Roasted 2 months ago based on 𝘔𝘰𝘰𝘥𝘺 🌟's long term Spotify stats.
Let’s take a moment to appreciate your Spotify profile, 𝘔𝘰𝘰𝘥𝘺 🌟. It’s like a buffet of genres that nobody asked for but somehow everyone is forced to sit through. With enough overlapping styles to confuse a vinyl hipster, you’ve managed to create a musical playlist that’s a love letter to the stylistic indecision of a teenager with too much time on their hands. Who even knew “hyperpop” was a valid option? What’s next, underwater jungle beats during yoga sessions? And your top artists are a glorious tribute to the reign of the overthinkers. Tyler, The Creator and Kanye West together in the same breath? That’s like saying you love steak tartare and carpet fluff. And don’t even get me started on including “Steven Universe” as an artist—congratulations, you’ve officially made being a cartoon character a career move.
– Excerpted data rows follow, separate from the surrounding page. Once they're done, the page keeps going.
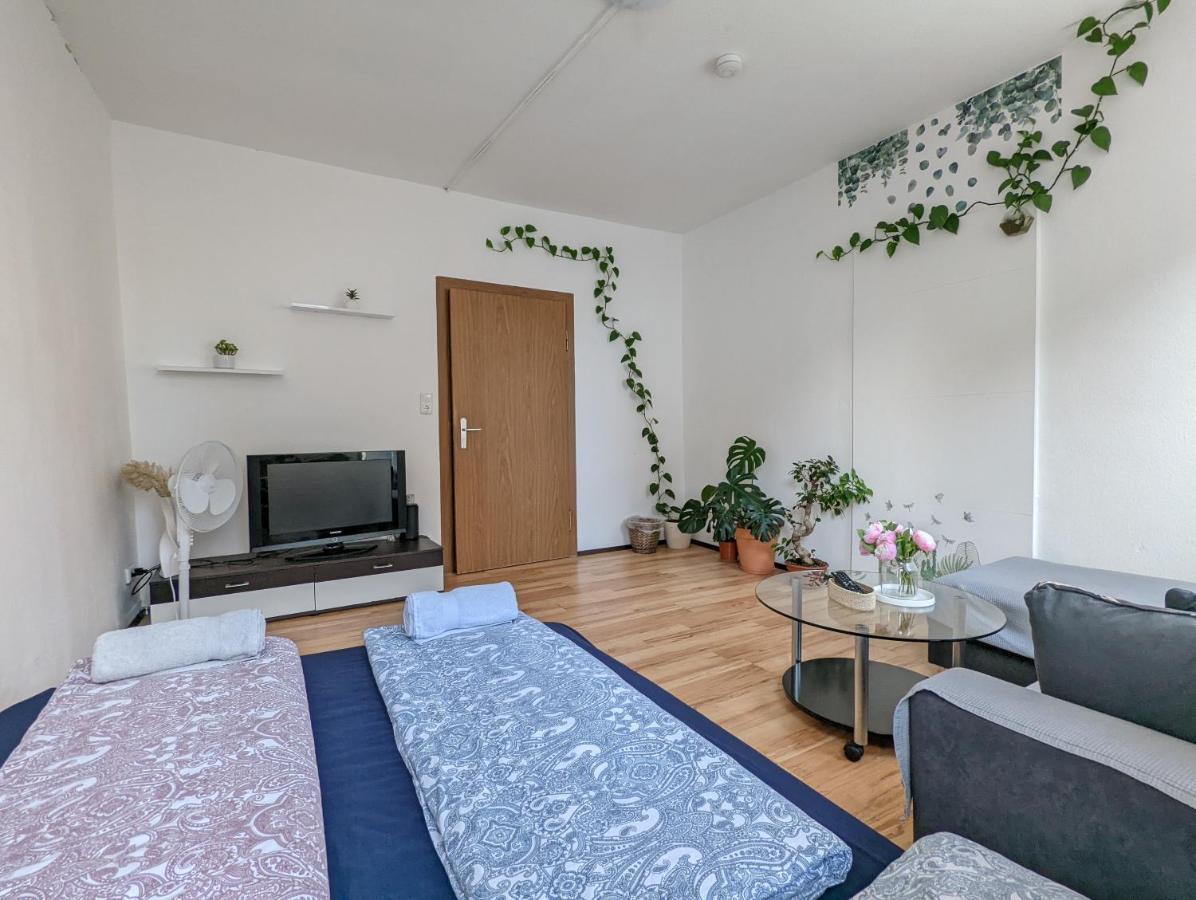 Cozy Room In A Sharing Apartment Wg In The Black Forest Філлінген-Швеннінген Екстер'єр фото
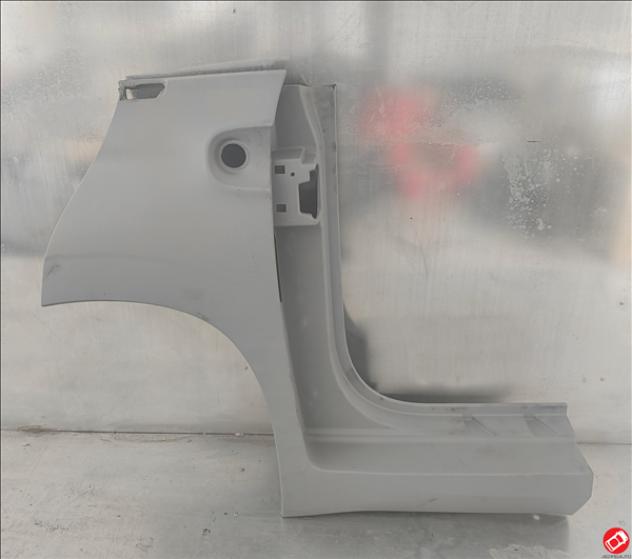 98428394LT PARAFANGO ANT. SX / POST. DX CITROEN AMI CELESTE / GRIGIO CHIARO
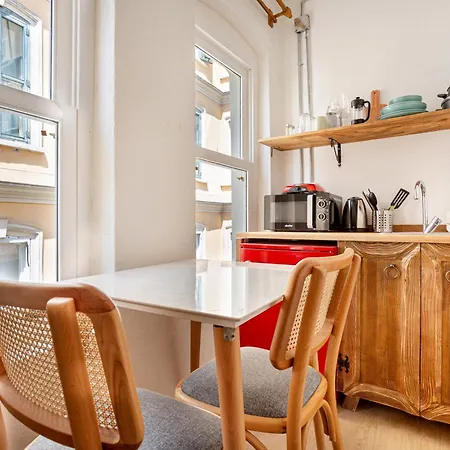 Armel Homes Galata 公寓式酒店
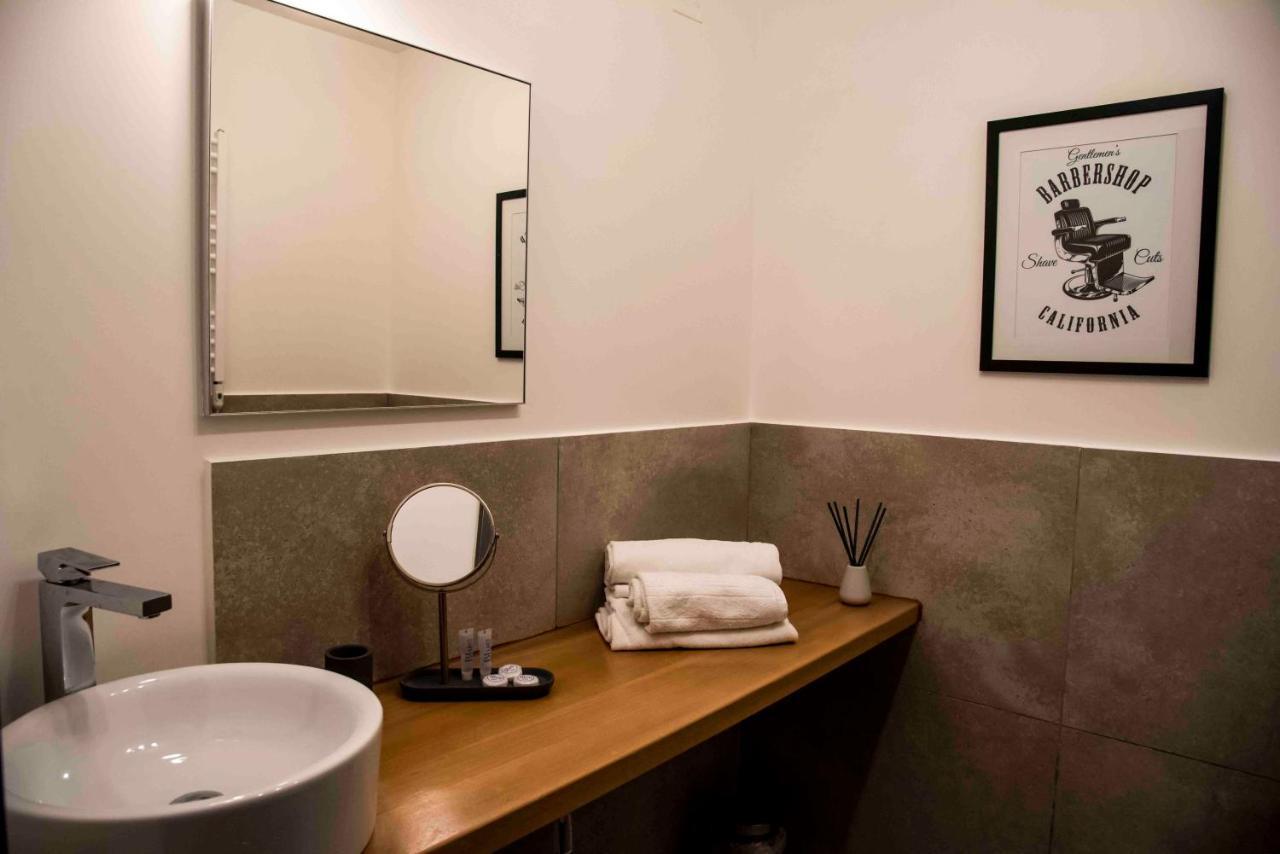 Bespoke Roma Suites Екстер'єр фото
It’s no wonder your music tastes are as diverse as a Netflix original series: they’re all over the place, and yet somehow manage to disappoint at every turn. As for your most played songs, the collection reads like the diary of someone on the verge of a midlife crisis but still trying to pass for emo high schooler in 2009. “nuts” by Lil Peep, really? If that’s what you’re rolling with, you might want to re-evaluate your life choices, because “Promise” isn't exactly delivering on that either. Your most played tracks are just a reminder that your emotional range might be as expansive as a dry sponge. Congratulations, 𝘔𝘰𝘰𝘥𝘺, you’ve truly curated the soundtrack for intense awkward moments at parties where absolutely no one knows your vibes!
Roasts are purely for fun and entertainment. They're not meant to be taken seriously. Enjoy the laughs, but remember your music taste is uniquely yours!